I am grateful for the recent rains here in Chicagoland because they have kept me from having to water the garden, and my new plants, particularly those in the rain garden itself, are benefiting from the frequent moisture. However, this has been a soggier spring than usual, and such conditions portend the arrival of two of the worst summertime scourges--powdery mildew and earwigs.
Both develop and thrive in moist, humid, hot conditions. Powdery mildew absolutely decimated the bee balm (Monarda didyma) I tried to grow a few years ago. I was so traumatized by their hideous demise that I have just this year planted some wild bergamot (M. fistulosa) in the hope that the native monarda species will be more mildew-resistant. The current moisture conditions are challenging this foray back into bee balm.
(Can the wild bergamot outwit the mildew?? Odds aren't good with them laying prostrate on the ground...)
Last year the mildew attacked my smooth blue asters (A. laevis), so already my confidence in the natives' ability to avoid this blight is shaken. I removed some suspicious-looking leaves from the asters last week and am closely monitoring the foliage now. The leaves were browned with some black spots--not the telltale white gunk of powdery mildew--but I'm hypersensitive nonetheless.
(Will this aster be a repeat victim?)
As for the second issue, earwigs, I don't know precisely how much damage these disgusting invaders do to my plants, but I highly doubt they contribute anything positive to our little ecosystem here. In the past they have set up shop in my containers when the potting soil remains moist. As a result, there have been times when I stuck my finger in the pots to check the moisture level and swarms of earwigs crawled out. Needless to say, my screaming and flailing most certainly qualified for some "goofy gardener" behavior, a la Carol/May Dreams Garden.
Let me qualify something here--I'm not anti-insect. I grow plants to actively encourage butterflies, bees, and dragonflies to visit my garden (yes, pretty non-scary bugs, I know). I don't disturb the spiders because I know they're eating other bugs. When I saw the guy below, I didn't run, I took a picture. But until someone provides proof of any benefit from earwigs, I will continue to loathe them and smush them on sight.

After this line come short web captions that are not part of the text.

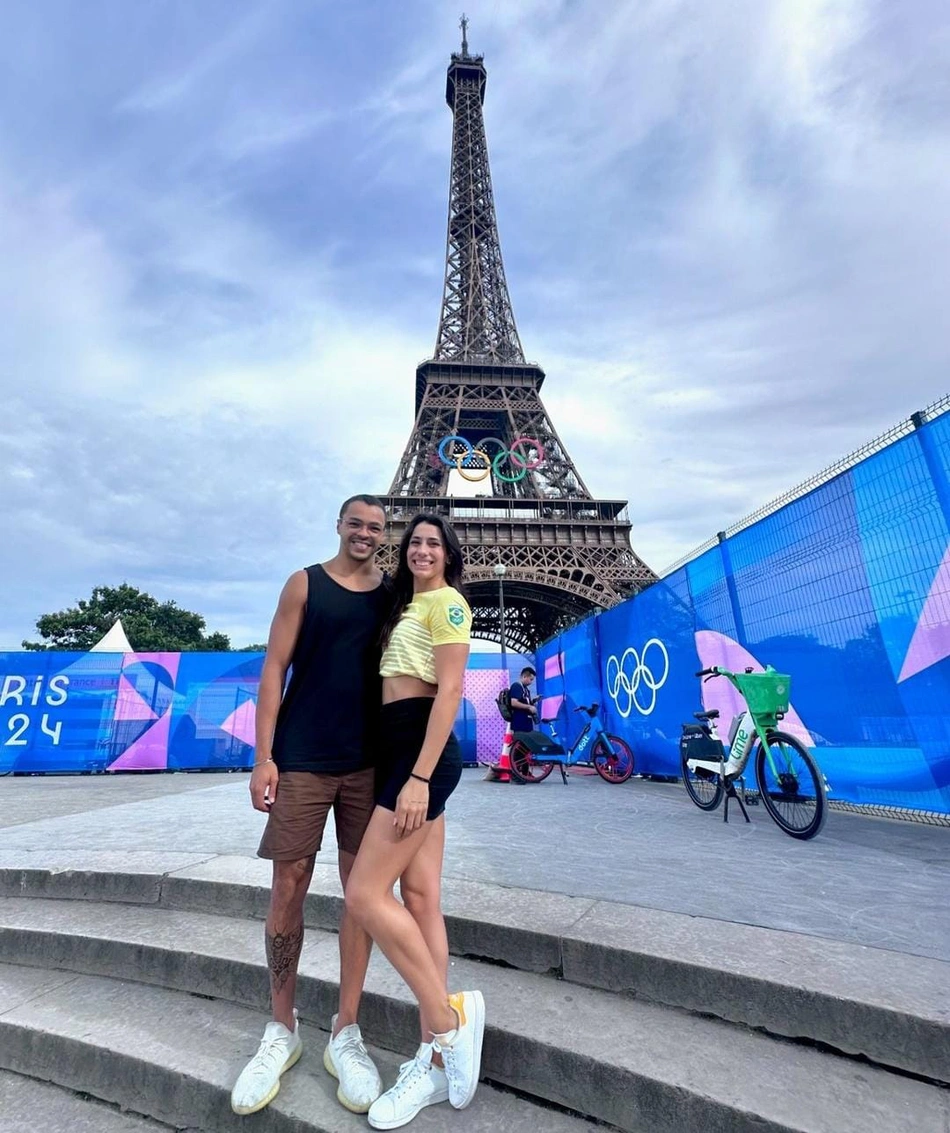 Ana Carolina Vieira postou fotos do passeio que culminou na sua expulsão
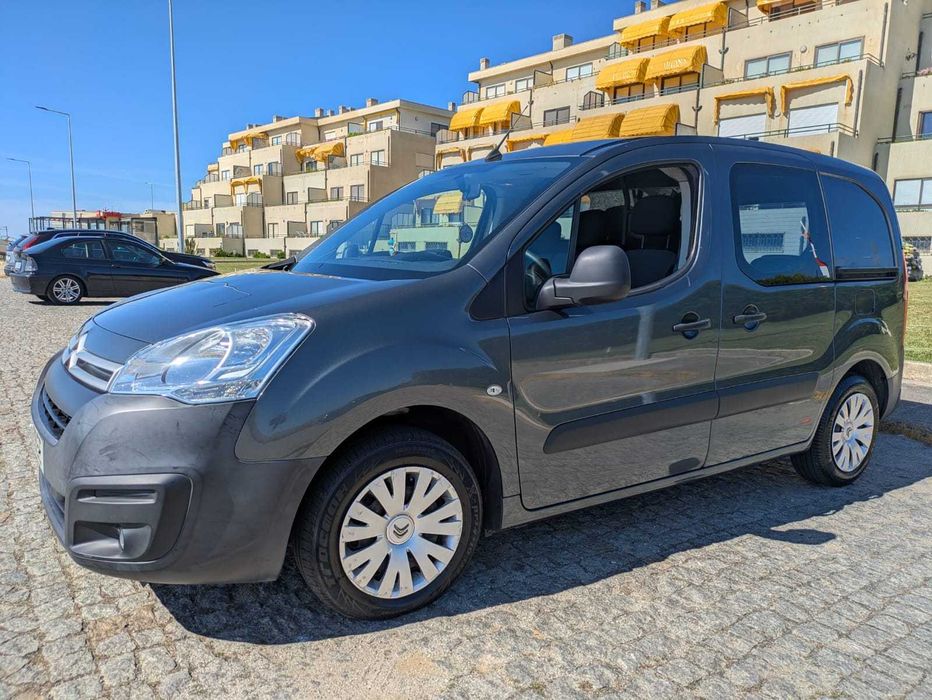 Citroën Berlingo Comercial 3 lugares Cx Automática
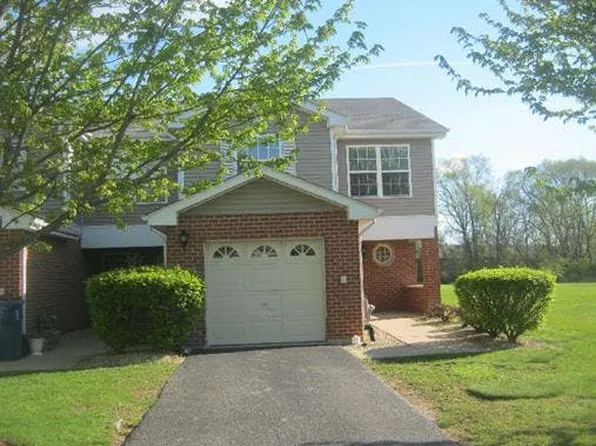 1910 Stonegate Dr, Calumet City, IL 60409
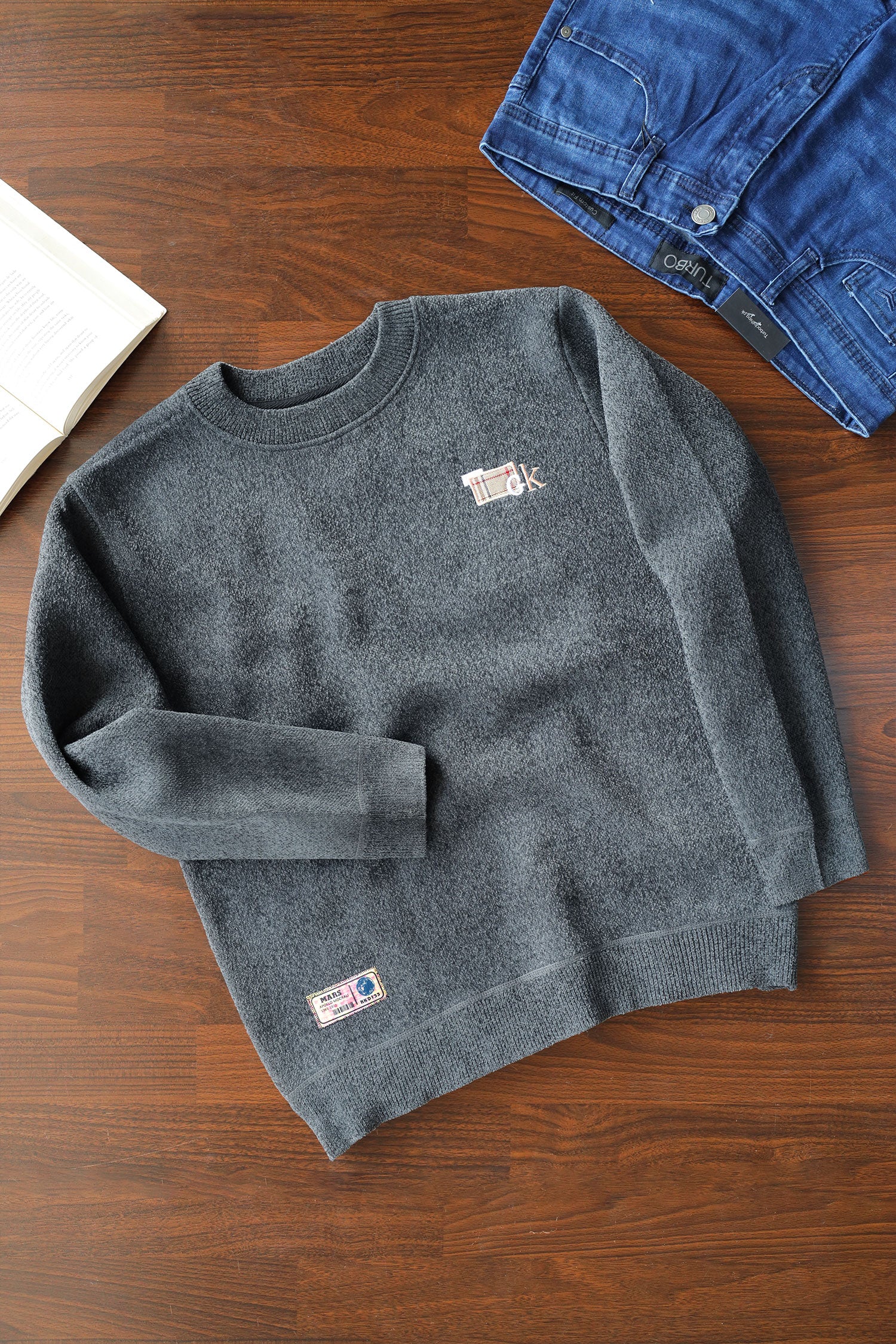 Relaxed Style Round Neck Imported Men's Sweatshirt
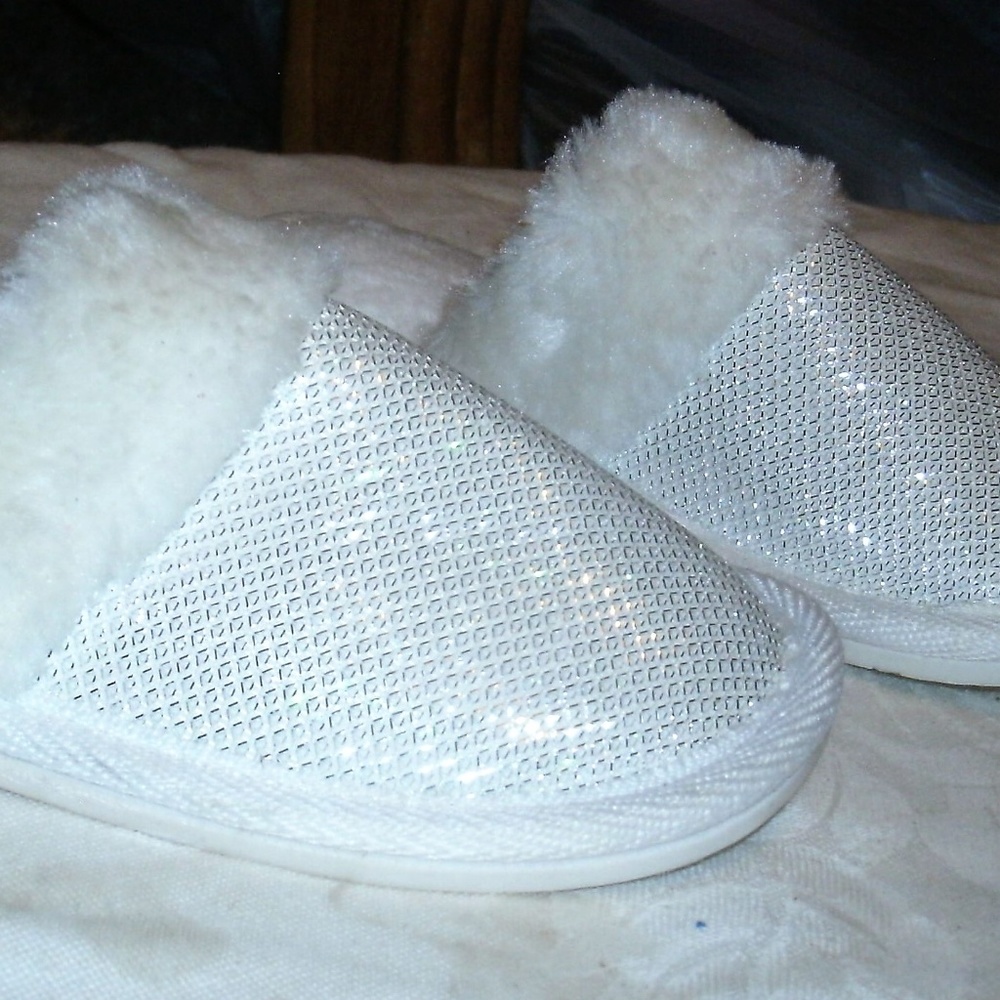 #358 Furry Sparkly White Slippers 7-8C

(What is this insect, in repose on a leaf of pale purple coneflower? Click the picture for a close-up.)
Regardless of my particular prejudices, our rainy, humid weather encourages various garden pests, so if you live in northern Illinois, be on the look-out. I've tried spraying a baking-soda-dish-soap-water mix on the mildew-covered asters but to no avail. I still won't resort to chemicals. I've tried to follow the "ounce of prevention" maxim by amending the soil to make the plants themselves healthier, and I'll still be removing suspect foliage. Are there other suggestions out there for dealing with powdery mildew? How do you cope with this or other climate-related scourges?